El periódico quería contribuir a homologarla, sin duda, y eso se veía en la Redacción, en la conducta de sus directivos, en la red de corresponsales que se creó enseguida. Por entonces yo no era corresponsal propiamente dicho, porque el periódico no tenía presupuesto para ello, así que en realidad era un stringer de sueldo aleatorio que además no llegó en los primeros meses de trabajo. Hasta que echaron a Arias Navarro y alguien debió de decirle a Juan Luis Cebrián que no se les ocurriera pedir reacciones a Londres, que el corresponsal está que trina. No era verdad. Pero Cebrián llamó para disculparse, pidió las reacciones al nombramiento de Suárez y aseguró que el dinero del primer trimestre estaría en Londres volando.

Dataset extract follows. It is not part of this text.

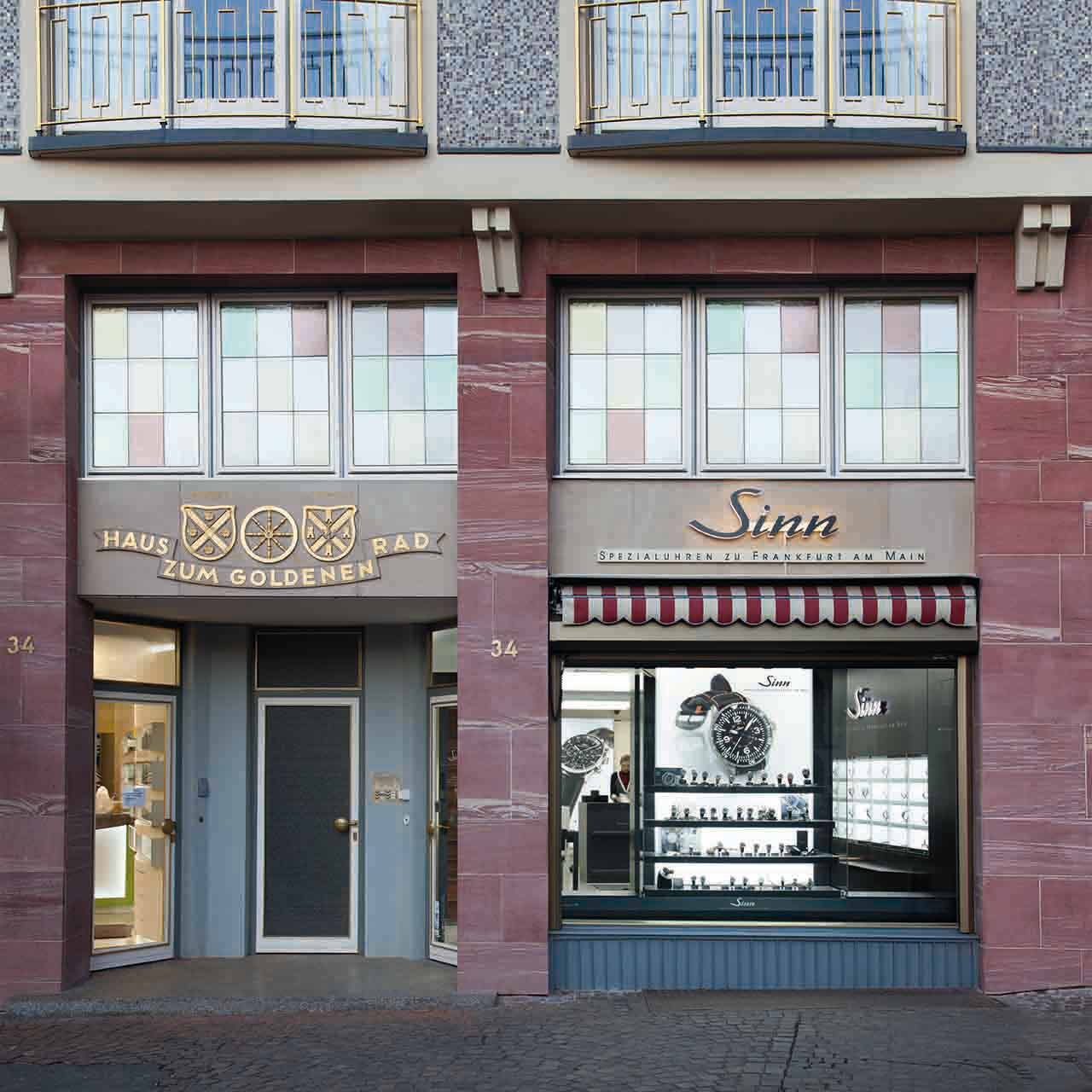 Exterior view of the Sinn boutique at Frankfurt’s Römerberg, located in the award-winning “Haus zum Goldenen Rad.”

Llegó volando, en efecto; lo llevó un comentarista de la sección Internacional, Antonio Sánchez-Gijón, que además trabajaba para una empresa cinematográfica norteamericana. Me invitó a comer, me dio el dinero y le expliqué que enseguida iba a comprarme un televisor. Cuando llegó a Madrid le comentó a Alberto Míguez, que era mi jefe directo: «Pues no debe de estar tan mal de dinero, porque enseguida se compró un televisor.»
El envío del dinero era muy artesanal. Luego me lo llevaron otros, en mano. Era una empresa moderna, sin duda, pero una empresa moderna española.
La reacción inglesa ante el nombramiento de Adolfo Suárez fue de escepticismo, como la del propio periódico, lo cual era de esperar: un hombre que se había puesto la camisa azul, que era un personaje del Movimiento y que además manejó los hilos de la radiotelevisión del franquismo, desataba en casi todo el mundo la misma exclamación que se le ocurrió al historiador Ricardo de la Cierva, colaborador entonces de El País: «Qué error, qué inmenso error.» Luego De la Cierva fue ministro de Suárez. Qué error, qué inmenso error.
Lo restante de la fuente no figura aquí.